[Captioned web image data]

>>>

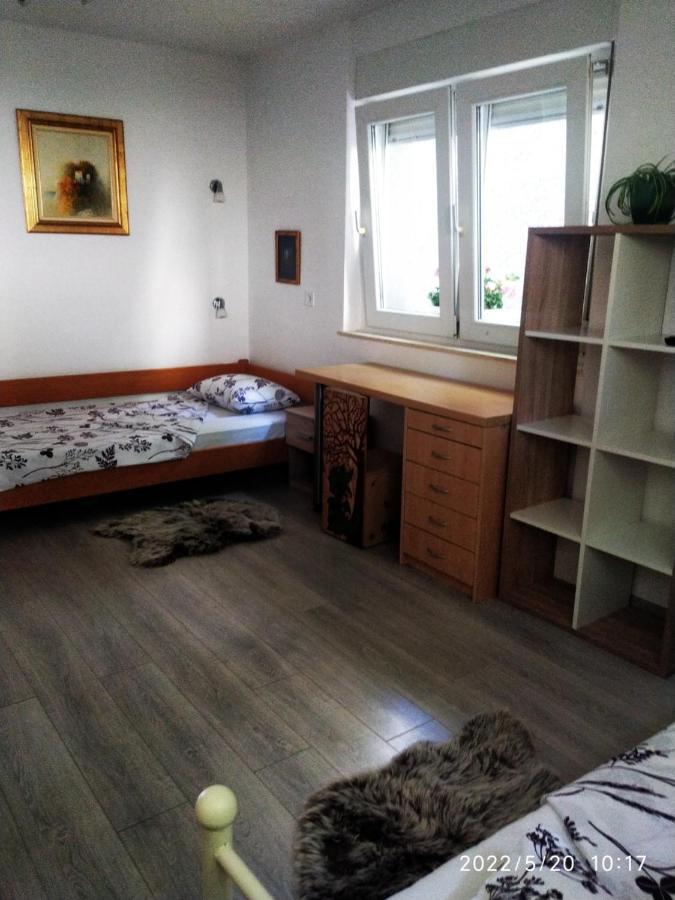 Marjan Rose Apartment Split Bagian luar foto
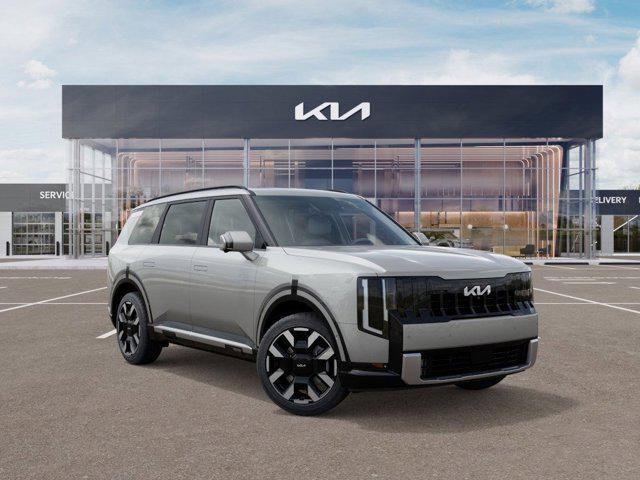 new 2027 Kia Telluride car, priced at $50,730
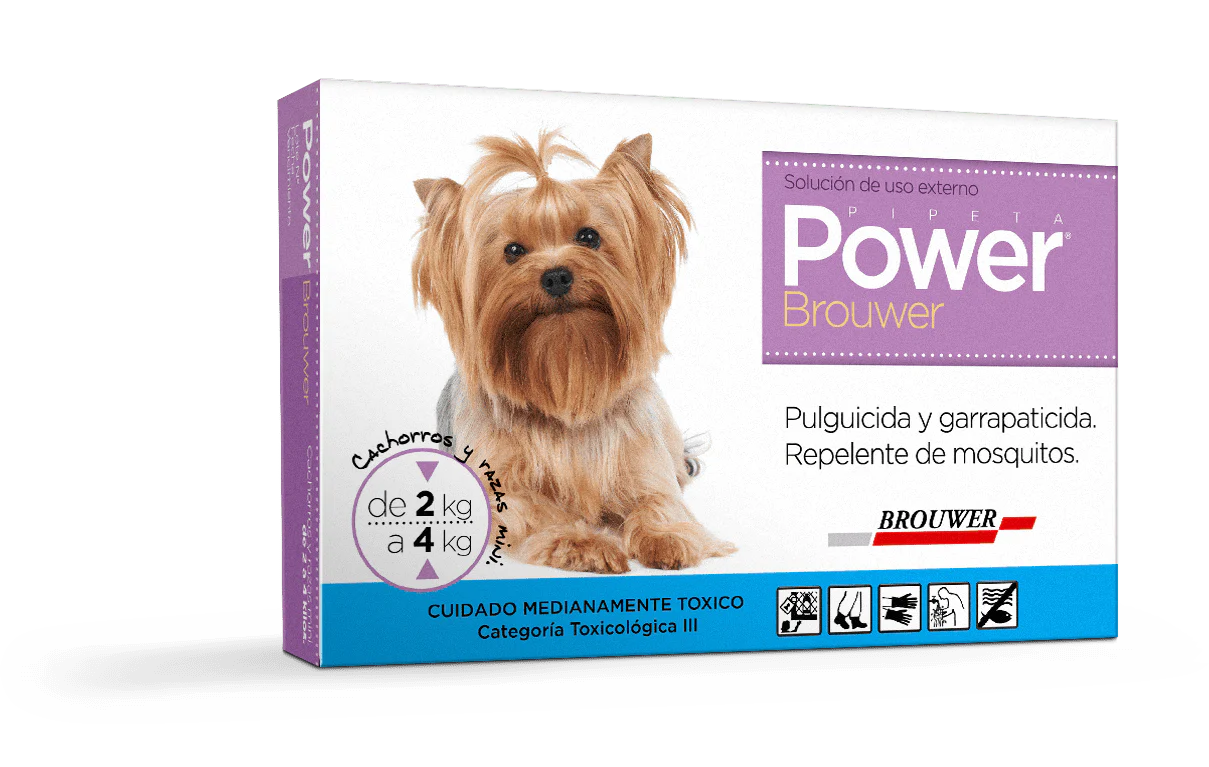 Power Pulguicida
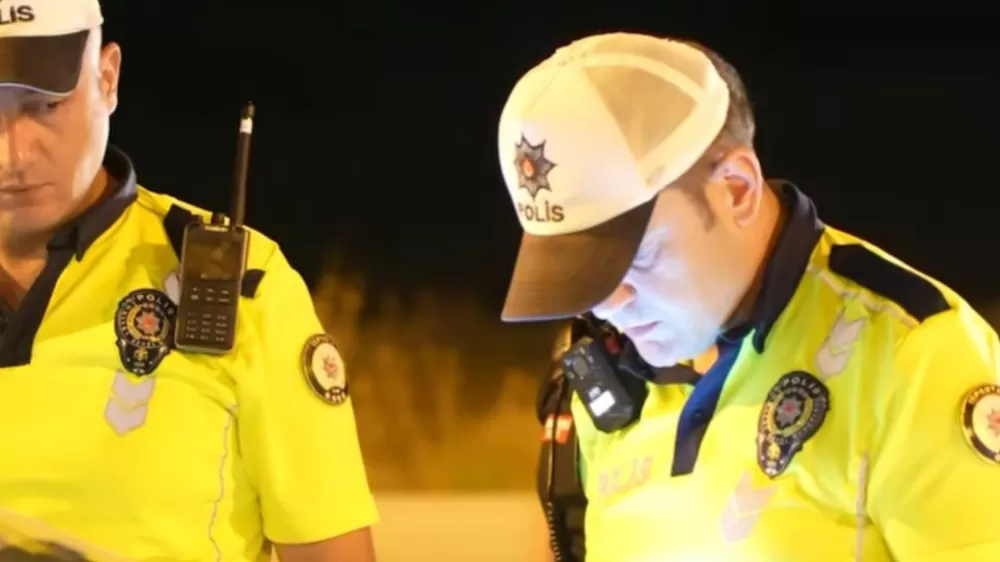 Isparta'da modifiyeli araçlara denetiminde 19 sürücüye ceza uygulandı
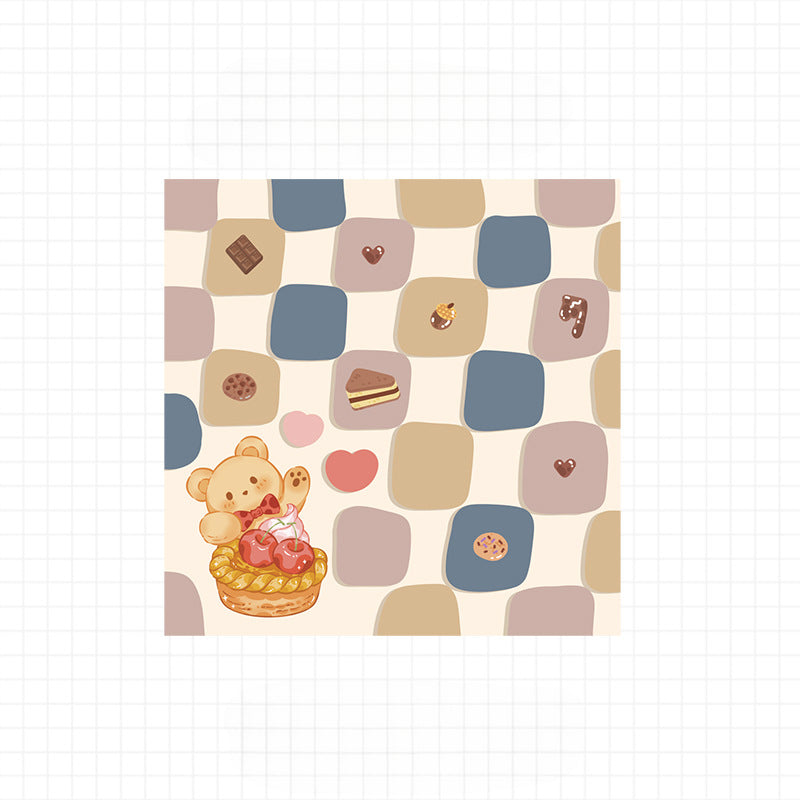 Wholesale Cute Cartoon Paper Sticky Notes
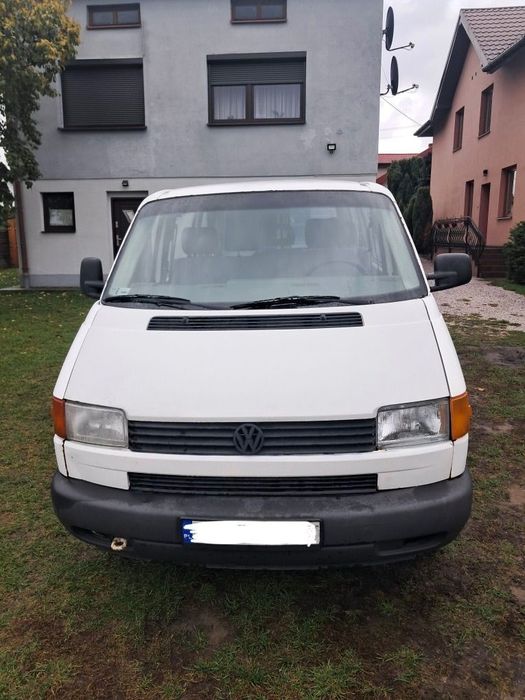 Volkswagen Transporter Volkswagen Transporter T4 2,5Tdi 5osób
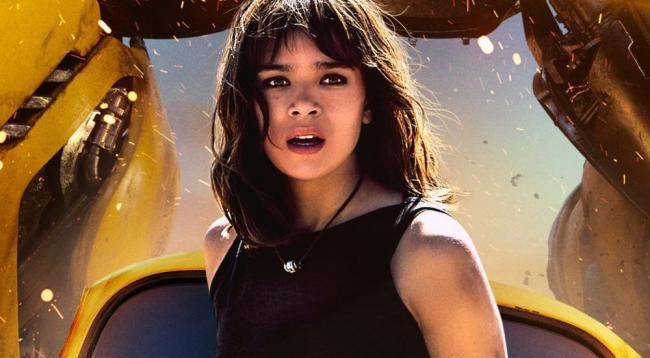 Hailee Steinfeld Bumblebee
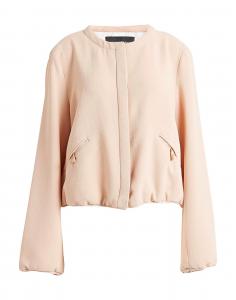 Блейзер Giorgio Armani, темно-розовый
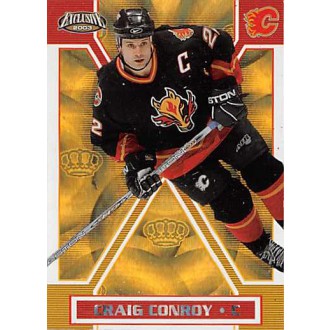 Paralelní karty - Conroy Craig - 2002-03 Exclusive Gold No.21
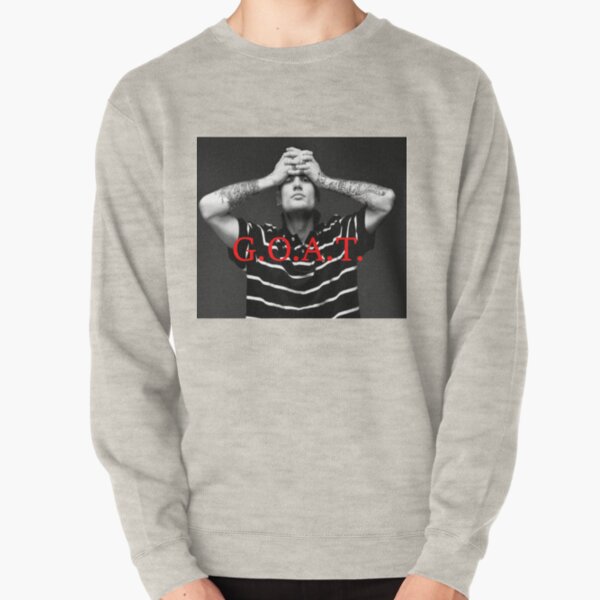 Kerser Rapper Goat Eshay Pullover Sweatshirt
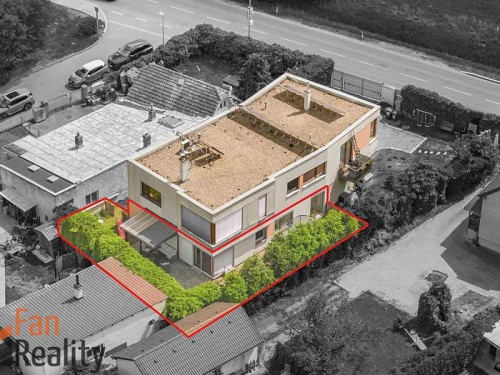 Prodej bytu 4+kk 91.3 m²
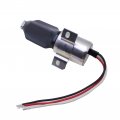 Fridayparts 12v Shut Off Solenoid 1700-1512 1751es-12e6ulb1s5 Compatible For Woodward Parts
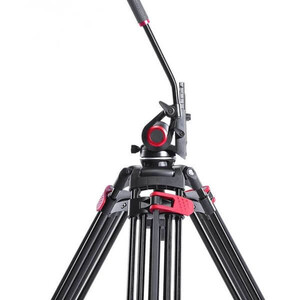 Miliboo MTT605A Profesyonel Alüminyum Video Tripod - Thumbnail
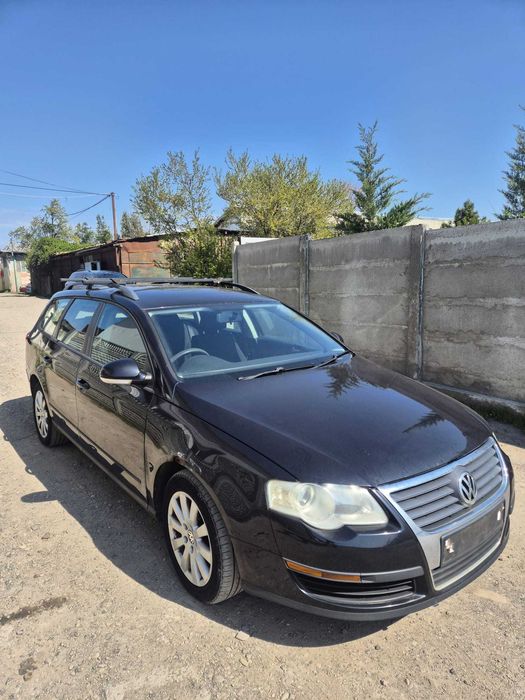 Dezmembram Volkswagen Passat B6 2.0 CBDC Capota/ trager/aripa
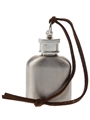 Bulleit Mini Hip Flask  5.5cm Tall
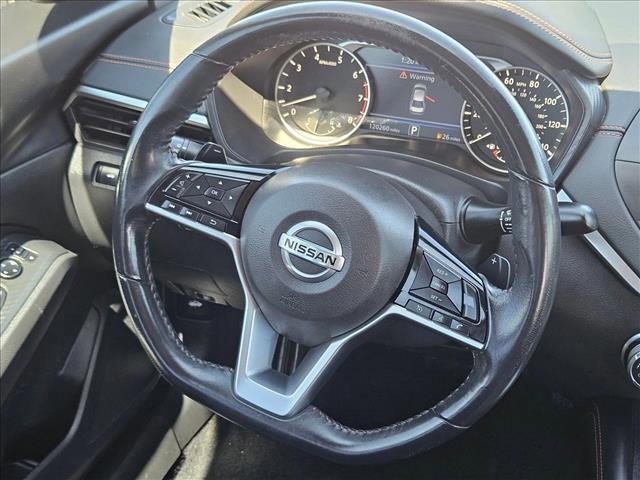 used 2020 Nissan Altima car, priced at $13,492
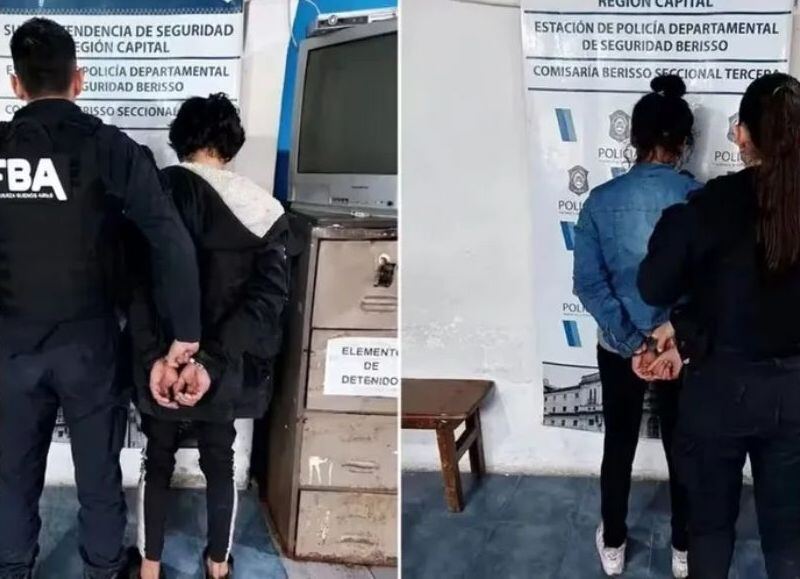 Muerte del bebé en Villa Elvira: definen la prisión preventiva de los padres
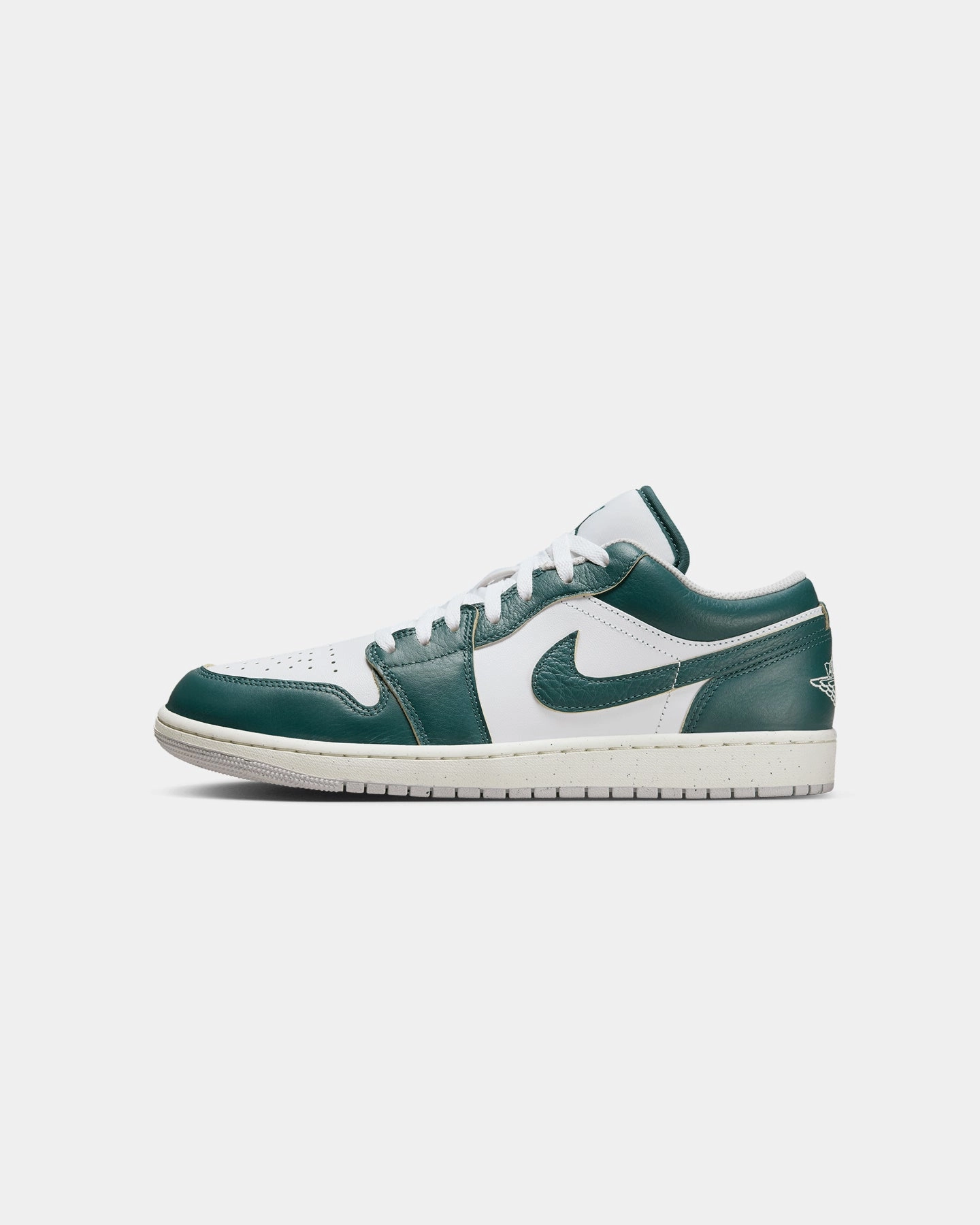 Jordan Air Jordan 1 Low SE "Oxidised Green" Oxidized Green Nike High Top Athletic Shoes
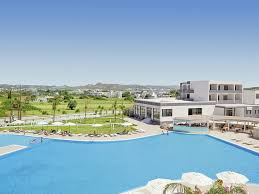 Evita mare je nový hotel, ktorý otvoril svoje brány prvým turistom v júli 2019. Hotel Evita Resort In Faliraki Bei Alltours Buchen
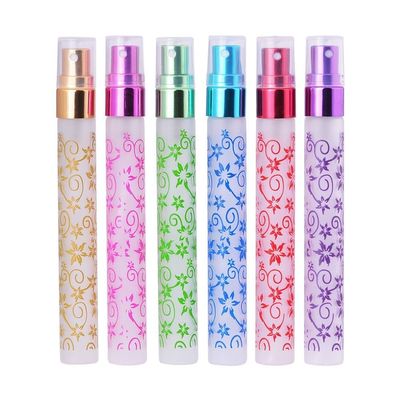 tipo botella de la pluma 10ml del espray de perfume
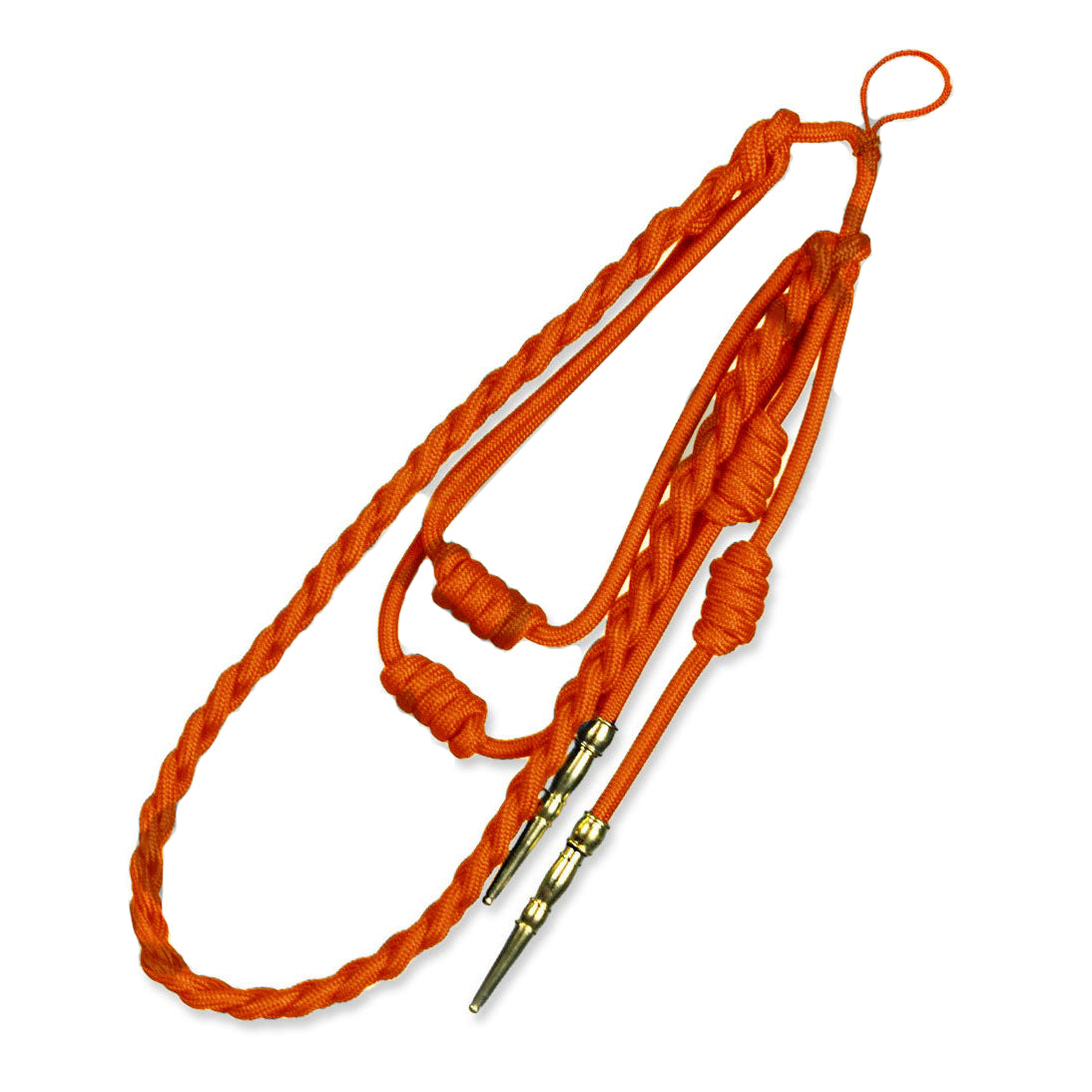 Staff Lanyard Shoulder Cord (Button Loop) Select Color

<<<

◆ **Exercise aim**: Make a word-for-word copy of the entries, without any pictures.

◆ **Your solution**:
 Marjan Rose Apartment Split Bagian luar foto
 new 2027 Kia Telluride car, priced at $50,730
 Power Pulguicida
 Isparta'da modifiyeli araçlara denetiminde 19 sürücüye ceza uygulandı
 Wholesale Cute Cartoon Paper Sticky Notes
 Volkswagen Transporter Volkswagen Transporter T4 2,5Tdi 5osób
 Hailee Steinfeld Bumblebee
 Блейзер Giorgio Armani, темно-розовый
 Paralelní karty - Conroy Craig - 2002-03 Exclusive Gold No.21
 Kerser Rapper Goat Eshay Pullover Sweatshirt
 Prodej bytu 4+kk 91.3 m²
 Fridayparts 12v Shut Off Solenoid 1700-1512 1751es-12e6ulb1s5 Compatible For Woodward Parts
 Miliboo MTT605A Profesyonel Alüminyum Video Tripod - Thumbnail
 Dezmembram Volkswagen Passat B6 2.0 CBDC Capota/ trager/aripa
 Bulleit Mini Hip Flask  5.5cm Tall
 used 2020 Nissan Altima car, priced at $13,492
 Muerte del bebé en Villa Elvira: definen la prisión preventiva de los padres
 Jordan Air Jordan 1 Low SE "Oxidised Green" Oxidized Green Nike High Top Athletic Shoes
 Evita mare je nový hotel, ktorý otvoril svoje brány prvým turistom v júli 2019. Hotel Evita Resort In Faliraki Bei Alltours Buchen
 tipo botella de la pluma 10ml del espray de perfume
 Staff Lanyard Shoulder Cord (Button Loop) Select Color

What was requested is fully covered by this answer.